There has been a shift from ordinary measures to emergency measures that restrict freedom of movement, as well as the closure of cities, industries and economies. In many countries, this has uncovered serious inequalities within Middle Eastern societies. The vast majority of unskilled workers, shopkeepers and other tradespeople have simply stopped earning money – increasing poverty and their inability to pay rent or feed their families.

The drift towards a state of emergency, the application of draconian measures, the deployment of surveillance technologies and the implementation of new techniques to restrict, follow, and manage individual citizens may have serious political consequences. Many Middle Eastern states have worrying records when it comes to human rights.

With the COVID-19 pandemic indicating the use of such technology (and states negating any criticism), these tools may well continue to be used in public health or even security – justified or otherwise – once the pandemic has passed.

Message asking Saudis to stay home and thanking the leadership and King Salman, and Crown Prince Mohammed bin Salman, being shown on the ancient Salwa Palace, during lockdown to fight COVID-19, in Diriy, Saudi Arabia (photo: picture-alliance/abaca/Balkis Press)
Imposed from above: "At the heart of the state of emergency concept is the notion of the need to act quickly in the face of a high-risk threat. What the COVID-19 pandemic requires, however, is a grassroots response in tandem with the will of the legislator, not the executive," writes Alijla

This raises a question about post-coronavirus regimes. Those regimes looking to intensify security and surveillance measures will persist. A state of emergency where special measures prevail will thus continue to be seen as a potential draconian measure capable of demonstrating the state's capacity to restrict and control people.

Feeding sectarian tensions

Against a background of political volatility, the lack of transparency has intensified sectarian tensions in the region, at both a state level and throughout the wider population. There has been a failure to source reliable coronavirus data and specialist state institutions are still being slow to release information. Yet nothing could be more important during a regional epidemic.

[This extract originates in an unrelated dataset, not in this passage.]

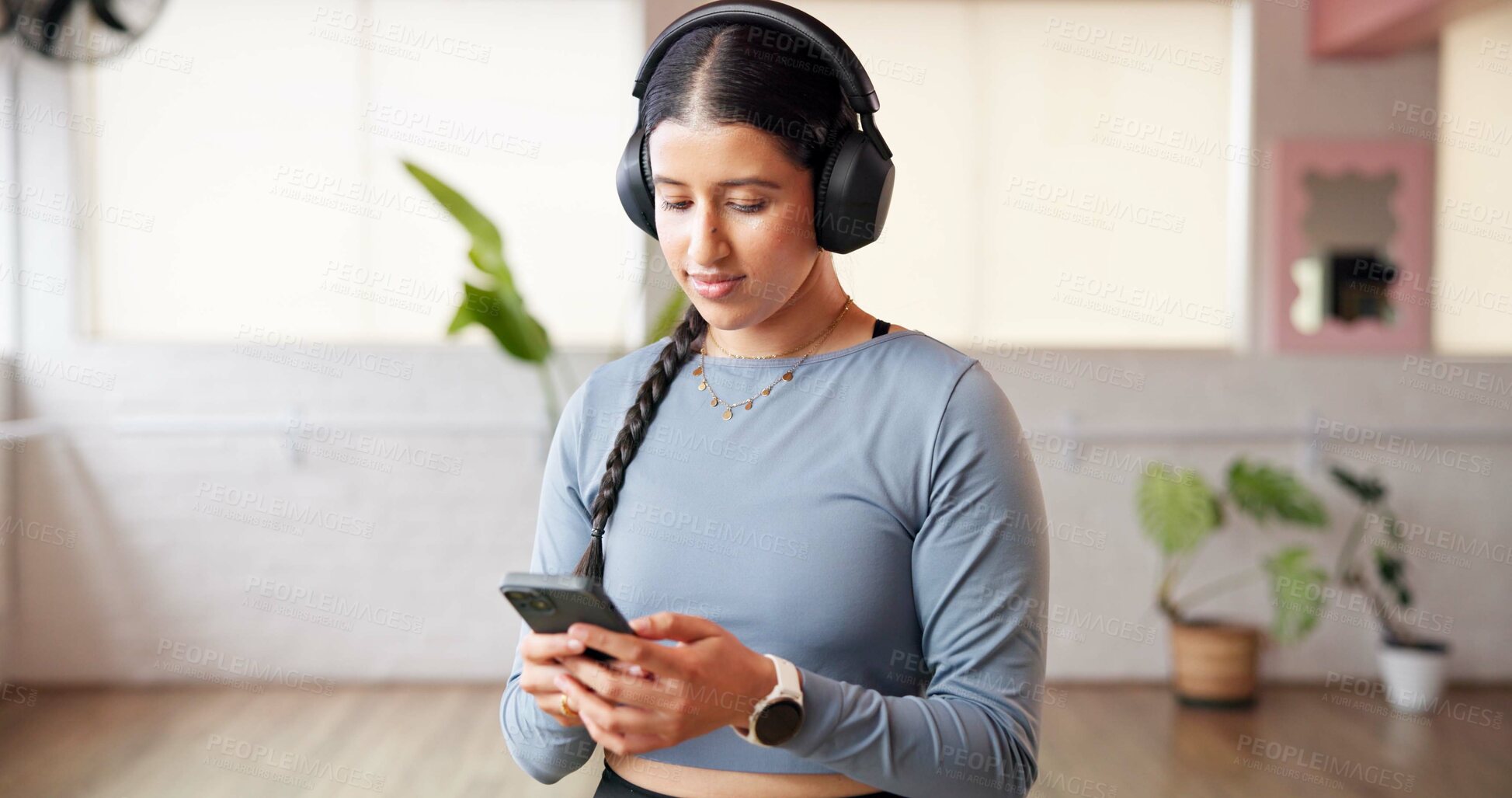 Buy stock photo Phone, headphones and woman in studio for fitness music, radio or streaming sound on break. Mobile, audio and person in health club for online podcast, exercise and listening to playlist on internet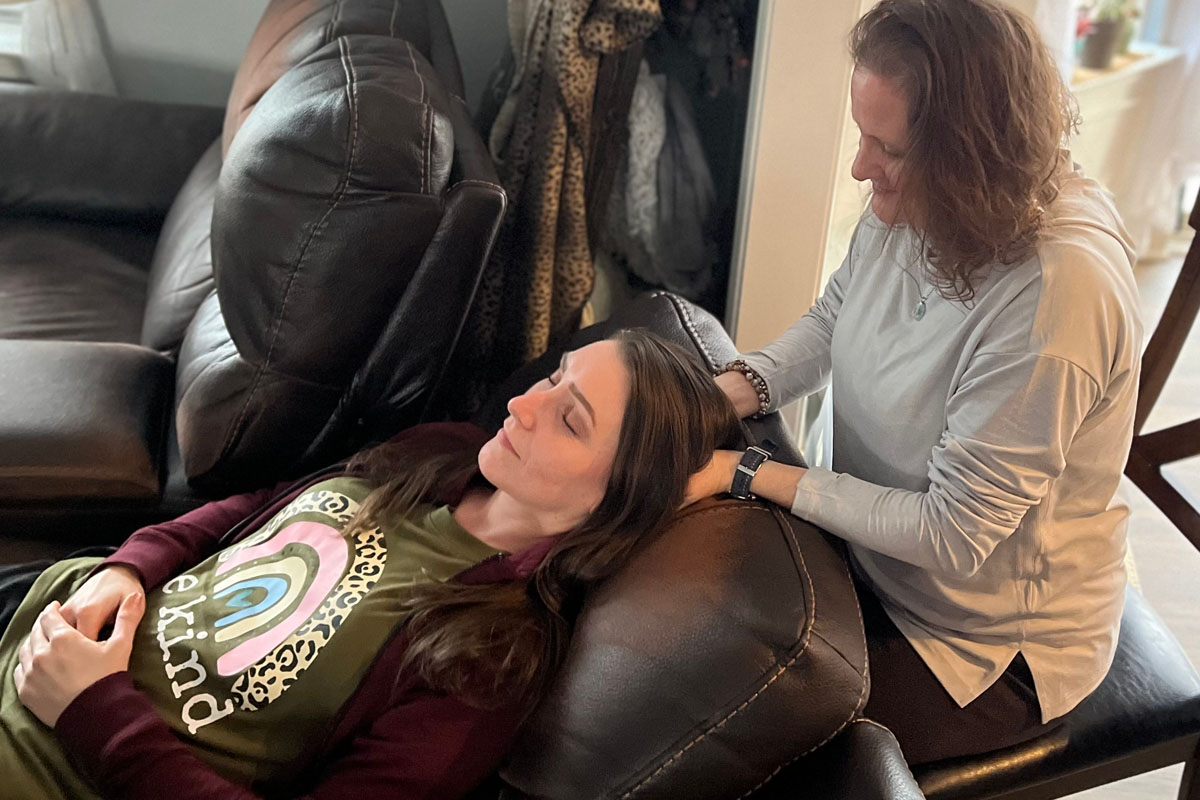 Amanda reclines in a comfortable chair while receiving a cranial massage from a woman seated behind her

As information concerning about the rate of infection in Iran seeped out, many Lebanese accused Hezbollah of covering up the spread of the virus in Lebanon and called for a halt to flights from Iran. This fed into sectarian tensions in Lebanon and the region as a whole, leading the former to accuse Iran of misleading the public and threatening the region’s public health. Saudi Arabia and Bahrain strongly condemned Iran for its reckless response to the virus, and in particular, for not stamping the passports of GCC citizens who had been in Iran.